After graduation he excelled in everything he did, while I was stuck at Johnny Rocket's making minimum wage as a bust boy. Girls who met him were tantalized by some unique quality that kid possessed; despite his scrawny exterior no one ever uttered the word “No” to his face, even I could not find the courage to speak up. I do not know why we had a natural hostility towards each other, I perceived it to be my purpose. Other than my hatred for Dominick I had no real passions, just superficial hobbies. God tossed Dominick on this earth to hate me and I was put on this pitiful planet to be hated. I always wanted to stand up for myself and say no but I never took the opportunity, instead I coped. I constantly asked myself why I was chosen to be hated so much and why I was so hateful in nature. For years I wished he would just disappear and now after what seemed to be an eternity I conjured up the perfect crime.

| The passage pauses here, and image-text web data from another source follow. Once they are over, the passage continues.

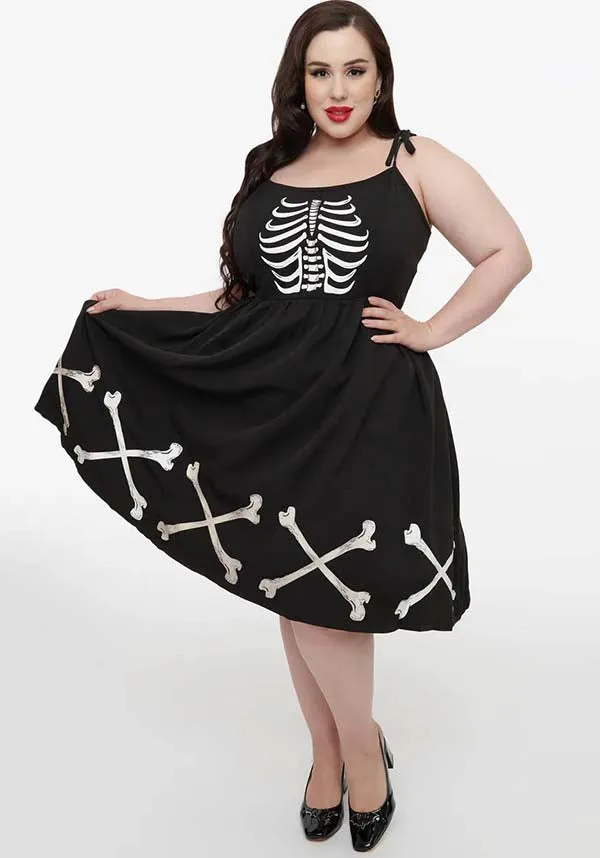 Dark Skeleton Bobbie Swing Dress | SWING DRESS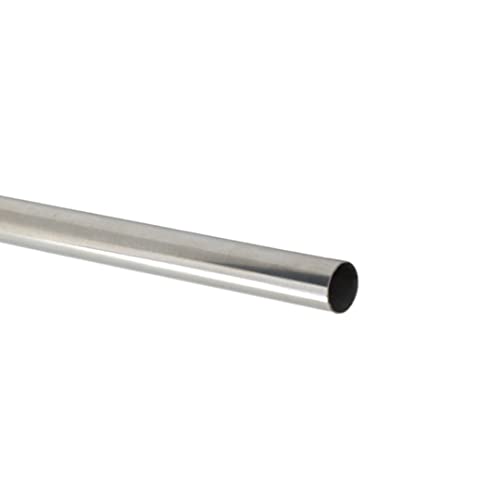 Image of FAPBADRI Curtain Rod /Pipe Heavy Quality Stainless Steel for Home /office door, window, shower, 1 inch diameter (25mm), Color - Silver Chrome Glossy finish, Length - 48 inches (4 feet), 2 Pipes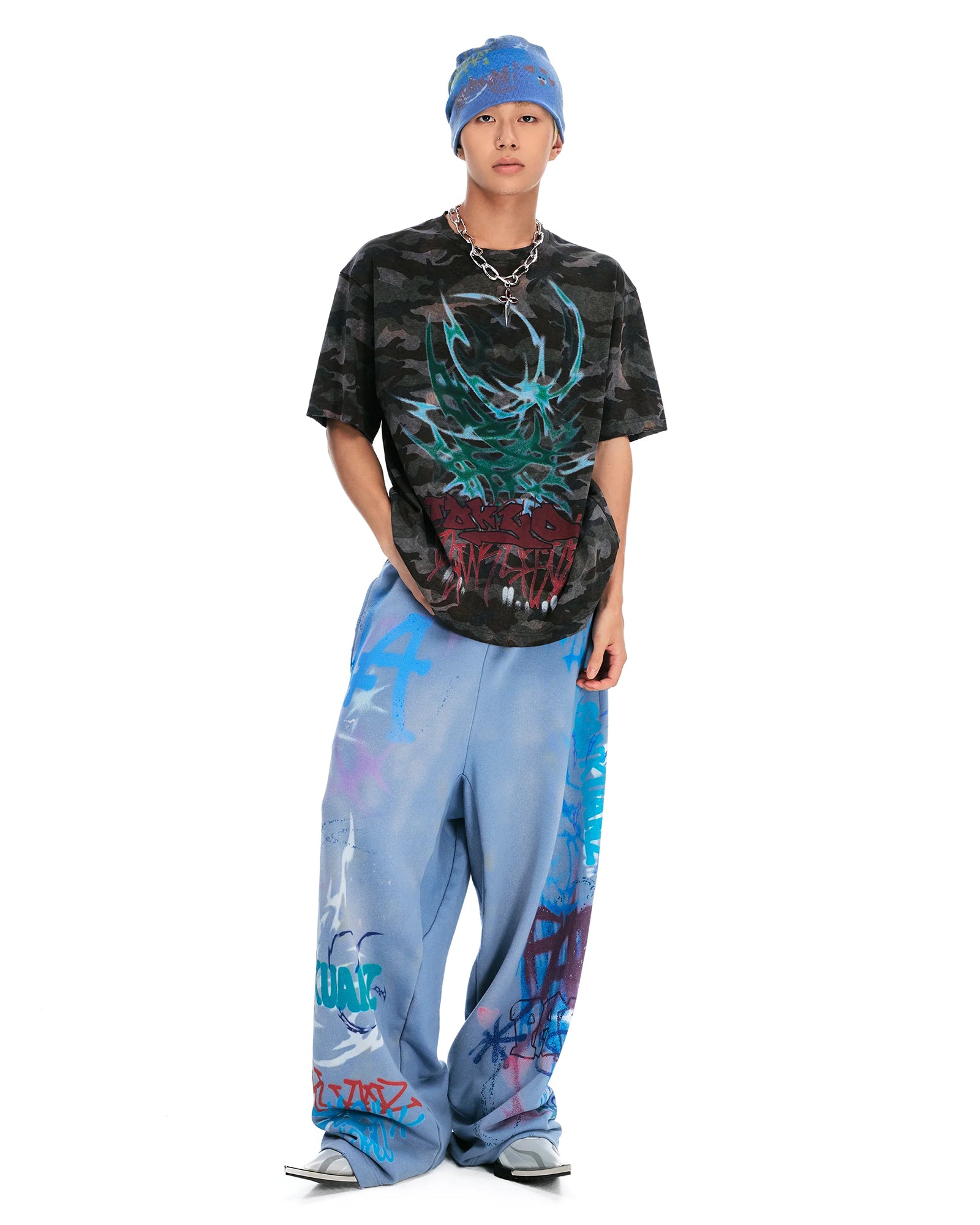 SANKUANZ・サンクアンズ - Tシャツ・カットソー BUMPY GRAFFITI OVERSIZE SHORT-SLEEVE TEE / CAMOUFLAGE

Now twenty-one I looked forward with excitement to destroy the life of the catalyst, which created my depression. Dominick had a cushy life, no worries, this is due to him marrying a rich women in her forties named Tabitha Clive. She made her living as a accomplished investment broker on Wall Street, a philanthropist and socialite. Ms. Clive had numerous large scale non-profit organizations dedicated to AIDS research in Africa. She was a great catch but one girl was never enough. Dominick on one of his numerous Las Vegas business trips got lonely and snatched Celeste off of the street, and yes by the name you can assume she has been around. Celeste was a former Burlesque dancer at a shabby Motel 6 on the Strip, hooked on drugs. Her thoughts were always up in the air and could not distinguish her hallucinations from reality. Nevertheless, Dominick fell in love and made plans to marry after her ninety day biannual rehab visit. Dominick got hitched with that inner-city delinquent Celeste. She carried more disease than any animal yet, beat up or not their new found love overshadowed the cons and they eloped in Vegas under the civil power of a middle aged man dressed as Elvis. Neither Tabitha nor Celeste knew they were a third wheel.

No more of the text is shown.